■ Aim of the task:
Retype the whole listing below exactly, keeping every picture out of it.

■ Provided data:
╭──

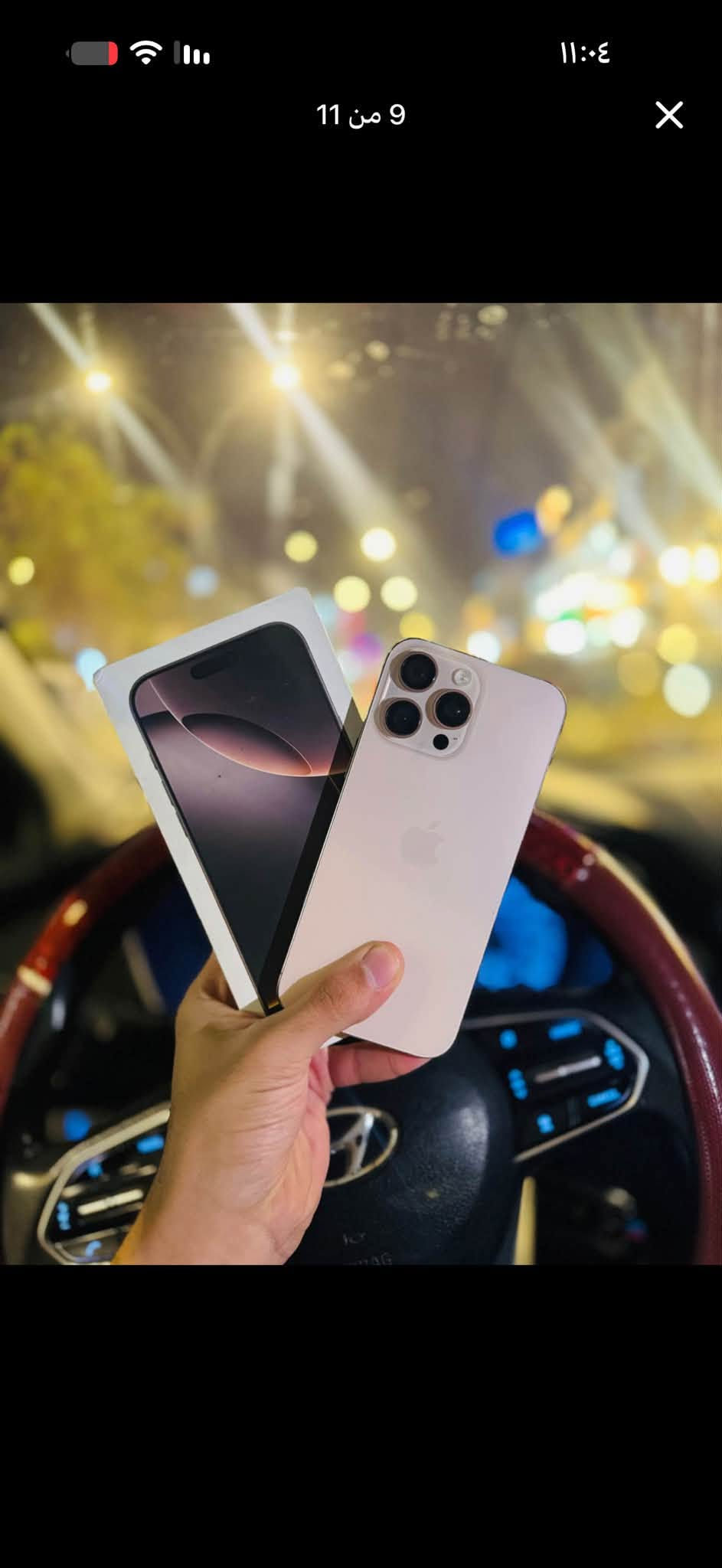 ايفون 16 برو ماكس • ٢٥٦ • نضيف ١٠٠٪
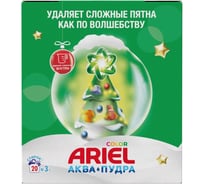 Новогодний набор ARIEL стиральный порошок с мерным стаканчиком Color 3 кг 0001220445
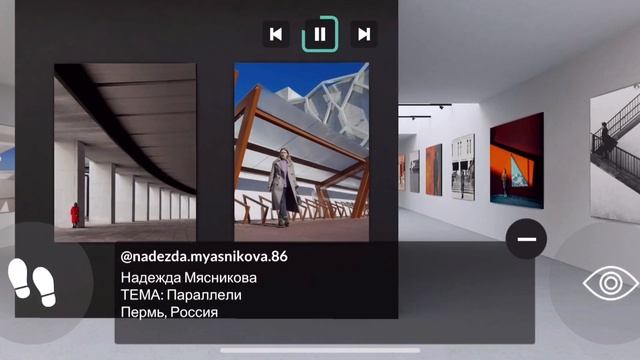 Выставка Aesthetic HUNTERS 7.0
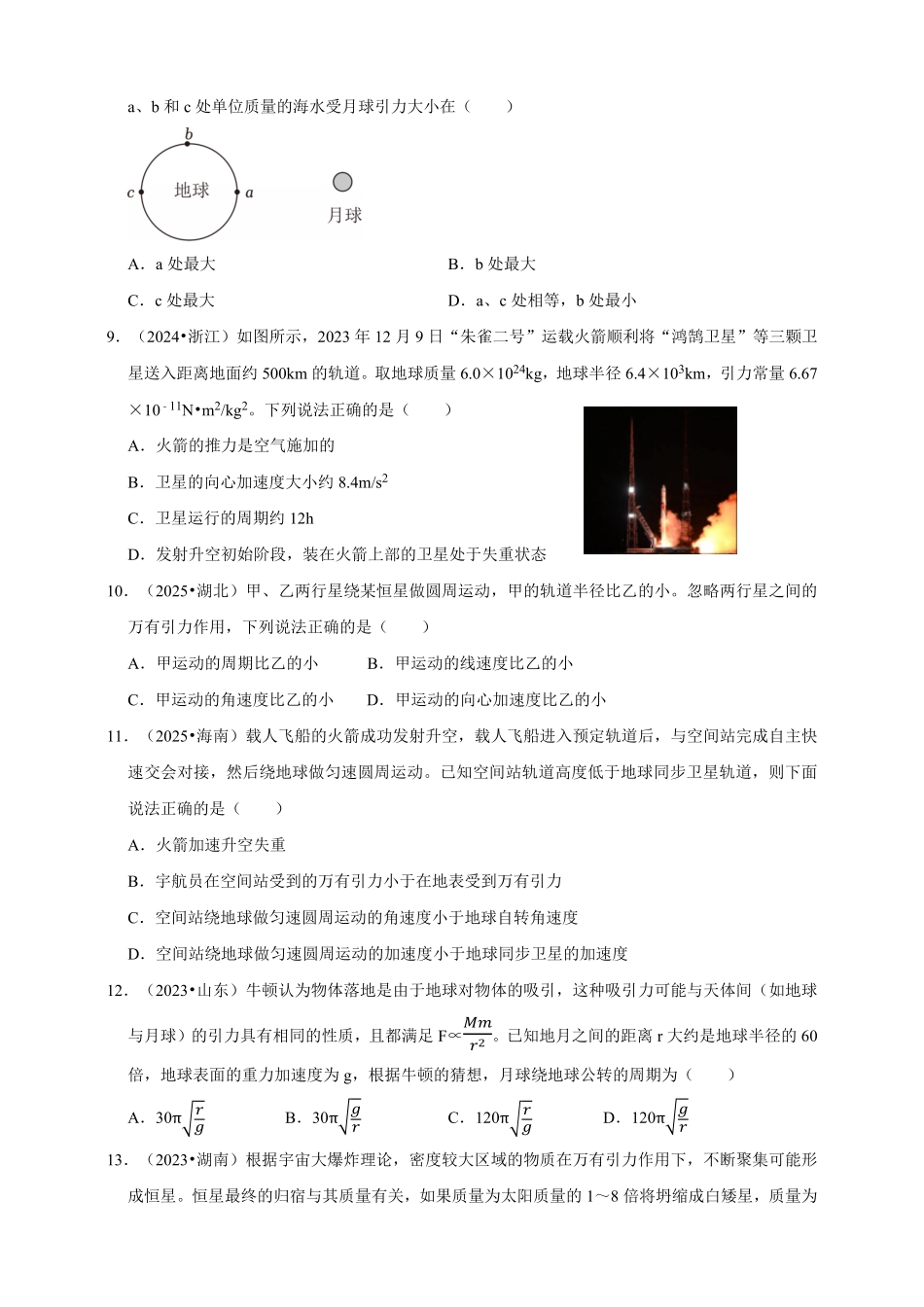 专题05万有引力定律.pdf_第3页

╰──

■ Reply:
 ايفون 16 برو ماكس • ٢٥٦ • نضيف ١٠٠٪
 Новогодний набор ARIEL стиральный порошок с мерным стаканчиком Color 3 кг 0001220445
 Выставка Aesthetic HUNTERS 7.0
 专题05万有引力定律.pdf_第3页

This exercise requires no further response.